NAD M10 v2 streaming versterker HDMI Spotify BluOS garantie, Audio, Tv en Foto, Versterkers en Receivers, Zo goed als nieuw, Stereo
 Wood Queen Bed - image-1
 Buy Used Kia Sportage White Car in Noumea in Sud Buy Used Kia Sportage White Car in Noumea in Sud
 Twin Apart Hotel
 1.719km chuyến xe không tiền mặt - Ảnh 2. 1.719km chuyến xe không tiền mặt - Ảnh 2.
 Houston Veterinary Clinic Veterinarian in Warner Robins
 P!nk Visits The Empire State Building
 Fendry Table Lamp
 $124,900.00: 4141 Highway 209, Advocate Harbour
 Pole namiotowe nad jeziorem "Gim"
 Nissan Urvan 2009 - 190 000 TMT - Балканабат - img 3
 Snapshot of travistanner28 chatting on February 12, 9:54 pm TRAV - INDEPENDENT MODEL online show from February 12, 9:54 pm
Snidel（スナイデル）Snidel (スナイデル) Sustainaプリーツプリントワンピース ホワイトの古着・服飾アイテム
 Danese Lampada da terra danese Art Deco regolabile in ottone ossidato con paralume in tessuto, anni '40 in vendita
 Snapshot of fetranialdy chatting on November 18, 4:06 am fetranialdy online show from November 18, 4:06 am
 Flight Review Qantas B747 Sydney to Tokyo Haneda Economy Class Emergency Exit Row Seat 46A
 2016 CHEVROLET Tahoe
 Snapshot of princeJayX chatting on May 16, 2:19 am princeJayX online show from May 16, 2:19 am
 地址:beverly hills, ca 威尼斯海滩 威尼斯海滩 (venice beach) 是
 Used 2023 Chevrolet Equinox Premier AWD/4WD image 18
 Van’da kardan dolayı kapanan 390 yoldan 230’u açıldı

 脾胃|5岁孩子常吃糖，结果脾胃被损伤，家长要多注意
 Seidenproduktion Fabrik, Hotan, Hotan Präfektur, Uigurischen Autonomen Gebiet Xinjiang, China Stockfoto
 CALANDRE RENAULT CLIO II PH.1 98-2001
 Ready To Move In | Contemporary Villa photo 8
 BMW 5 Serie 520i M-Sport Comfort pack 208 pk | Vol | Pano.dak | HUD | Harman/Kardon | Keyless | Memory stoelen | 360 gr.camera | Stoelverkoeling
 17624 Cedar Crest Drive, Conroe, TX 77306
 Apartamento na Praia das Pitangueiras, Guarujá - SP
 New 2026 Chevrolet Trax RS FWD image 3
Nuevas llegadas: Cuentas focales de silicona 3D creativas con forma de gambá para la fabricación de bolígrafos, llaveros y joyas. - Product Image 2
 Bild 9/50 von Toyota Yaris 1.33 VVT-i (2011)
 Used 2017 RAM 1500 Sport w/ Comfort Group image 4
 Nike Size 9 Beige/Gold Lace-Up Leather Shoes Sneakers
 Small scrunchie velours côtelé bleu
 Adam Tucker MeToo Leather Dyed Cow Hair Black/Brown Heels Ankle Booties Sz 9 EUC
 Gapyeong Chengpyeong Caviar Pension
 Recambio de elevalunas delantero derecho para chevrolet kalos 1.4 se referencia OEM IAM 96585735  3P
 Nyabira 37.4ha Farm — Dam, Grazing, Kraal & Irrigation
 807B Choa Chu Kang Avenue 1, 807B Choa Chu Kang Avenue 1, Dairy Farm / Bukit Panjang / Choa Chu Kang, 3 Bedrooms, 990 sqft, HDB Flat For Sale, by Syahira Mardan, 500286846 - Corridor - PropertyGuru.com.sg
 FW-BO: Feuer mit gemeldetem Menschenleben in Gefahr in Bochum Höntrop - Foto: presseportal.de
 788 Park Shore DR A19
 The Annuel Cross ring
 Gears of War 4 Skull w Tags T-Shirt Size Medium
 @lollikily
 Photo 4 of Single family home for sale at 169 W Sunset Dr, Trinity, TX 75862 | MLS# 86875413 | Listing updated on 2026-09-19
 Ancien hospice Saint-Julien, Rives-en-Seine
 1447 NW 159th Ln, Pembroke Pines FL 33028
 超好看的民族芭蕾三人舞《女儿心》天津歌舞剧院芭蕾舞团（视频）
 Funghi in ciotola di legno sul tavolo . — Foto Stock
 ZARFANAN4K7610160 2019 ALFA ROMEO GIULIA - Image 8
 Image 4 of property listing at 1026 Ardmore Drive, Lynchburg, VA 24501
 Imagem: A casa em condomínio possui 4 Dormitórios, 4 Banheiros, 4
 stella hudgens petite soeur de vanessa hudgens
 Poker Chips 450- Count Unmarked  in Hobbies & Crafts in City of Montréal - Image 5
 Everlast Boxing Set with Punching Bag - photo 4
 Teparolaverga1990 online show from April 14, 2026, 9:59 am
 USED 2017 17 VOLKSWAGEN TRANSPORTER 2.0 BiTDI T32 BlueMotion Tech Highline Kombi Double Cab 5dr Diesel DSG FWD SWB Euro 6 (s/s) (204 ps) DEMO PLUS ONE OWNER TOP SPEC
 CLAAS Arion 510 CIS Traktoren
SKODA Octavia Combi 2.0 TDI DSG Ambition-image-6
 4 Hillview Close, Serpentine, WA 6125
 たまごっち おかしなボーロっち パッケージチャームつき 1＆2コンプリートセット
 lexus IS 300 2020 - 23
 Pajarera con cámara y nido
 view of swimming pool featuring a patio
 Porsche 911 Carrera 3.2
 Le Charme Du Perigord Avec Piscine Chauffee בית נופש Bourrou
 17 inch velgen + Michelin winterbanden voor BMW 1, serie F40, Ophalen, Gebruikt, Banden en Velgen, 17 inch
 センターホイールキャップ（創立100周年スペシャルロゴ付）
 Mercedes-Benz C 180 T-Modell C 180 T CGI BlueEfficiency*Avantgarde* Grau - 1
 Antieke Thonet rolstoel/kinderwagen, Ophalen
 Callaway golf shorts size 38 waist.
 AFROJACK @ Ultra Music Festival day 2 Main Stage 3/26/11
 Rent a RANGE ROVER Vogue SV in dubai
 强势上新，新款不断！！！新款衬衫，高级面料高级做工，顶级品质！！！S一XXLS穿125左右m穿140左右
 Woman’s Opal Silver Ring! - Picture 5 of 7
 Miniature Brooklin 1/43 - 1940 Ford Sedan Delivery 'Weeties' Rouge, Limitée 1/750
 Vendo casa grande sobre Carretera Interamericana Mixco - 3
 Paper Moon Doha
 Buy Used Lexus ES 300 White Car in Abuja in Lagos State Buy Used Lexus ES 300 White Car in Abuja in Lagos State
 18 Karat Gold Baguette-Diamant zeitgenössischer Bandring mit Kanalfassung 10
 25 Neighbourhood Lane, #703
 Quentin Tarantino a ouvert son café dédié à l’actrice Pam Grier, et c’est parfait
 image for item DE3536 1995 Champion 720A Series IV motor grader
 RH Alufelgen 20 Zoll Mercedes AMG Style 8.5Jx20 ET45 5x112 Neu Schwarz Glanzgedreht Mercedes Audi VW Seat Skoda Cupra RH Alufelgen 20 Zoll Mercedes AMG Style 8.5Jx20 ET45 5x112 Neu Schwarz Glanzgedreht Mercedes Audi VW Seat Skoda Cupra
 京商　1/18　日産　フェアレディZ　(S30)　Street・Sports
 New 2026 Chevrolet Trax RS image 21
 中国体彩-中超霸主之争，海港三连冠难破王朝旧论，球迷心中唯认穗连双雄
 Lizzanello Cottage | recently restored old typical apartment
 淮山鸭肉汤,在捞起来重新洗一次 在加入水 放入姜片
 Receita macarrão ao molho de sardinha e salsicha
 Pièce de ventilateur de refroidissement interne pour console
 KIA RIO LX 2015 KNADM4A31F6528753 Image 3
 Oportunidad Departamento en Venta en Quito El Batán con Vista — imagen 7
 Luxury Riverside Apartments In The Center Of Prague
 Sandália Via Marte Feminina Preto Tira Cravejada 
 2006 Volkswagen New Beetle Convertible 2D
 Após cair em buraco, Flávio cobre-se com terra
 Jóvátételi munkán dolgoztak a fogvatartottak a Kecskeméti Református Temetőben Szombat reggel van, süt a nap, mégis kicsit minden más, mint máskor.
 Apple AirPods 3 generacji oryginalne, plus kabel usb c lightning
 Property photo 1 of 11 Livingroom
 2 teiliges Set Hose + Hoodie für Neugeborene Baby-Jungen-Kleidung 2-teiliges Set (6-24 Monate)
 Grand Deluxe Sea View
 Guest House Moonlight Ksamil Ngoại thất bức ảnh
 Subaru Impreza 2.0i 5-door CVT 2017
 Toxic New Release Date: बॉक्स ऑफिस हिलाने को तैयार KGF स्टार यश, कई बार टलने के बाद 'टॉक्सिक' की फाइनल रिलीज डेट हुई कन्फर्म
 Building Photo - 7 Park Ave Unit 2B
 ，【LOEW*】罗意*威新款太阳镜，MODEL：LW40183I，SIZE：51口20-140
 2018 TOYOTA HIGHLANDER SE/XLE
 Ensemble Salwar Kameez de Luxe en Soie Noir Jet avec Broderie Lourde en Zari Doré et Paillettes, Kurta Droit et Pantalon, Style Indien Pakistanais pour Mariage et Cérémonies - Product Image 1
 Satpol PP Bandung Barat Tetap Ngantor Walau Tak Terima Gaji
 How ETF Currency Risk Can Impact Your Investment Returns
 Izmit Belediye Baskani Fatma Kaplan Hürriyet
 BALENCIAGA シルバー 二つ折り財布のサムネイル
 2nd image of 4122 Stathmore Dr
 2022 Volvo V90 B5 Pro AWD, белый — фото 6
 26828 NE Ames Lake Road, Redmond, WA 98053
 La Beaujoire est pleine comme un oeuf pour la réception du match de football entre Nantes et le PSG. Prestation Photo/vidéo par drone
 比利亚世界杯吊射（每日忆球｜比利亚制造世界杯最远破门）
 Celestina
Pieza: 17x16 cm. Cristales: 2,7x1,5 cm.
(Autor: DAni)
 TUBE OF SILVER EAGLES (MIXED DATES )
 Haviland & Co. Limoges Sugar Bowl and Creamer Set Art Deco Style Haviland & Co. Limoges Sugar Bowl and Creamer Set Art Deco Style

Requirement:
In the entries above, tally the lines containing the word "White" and return only the tally.

Solution for this problem:
2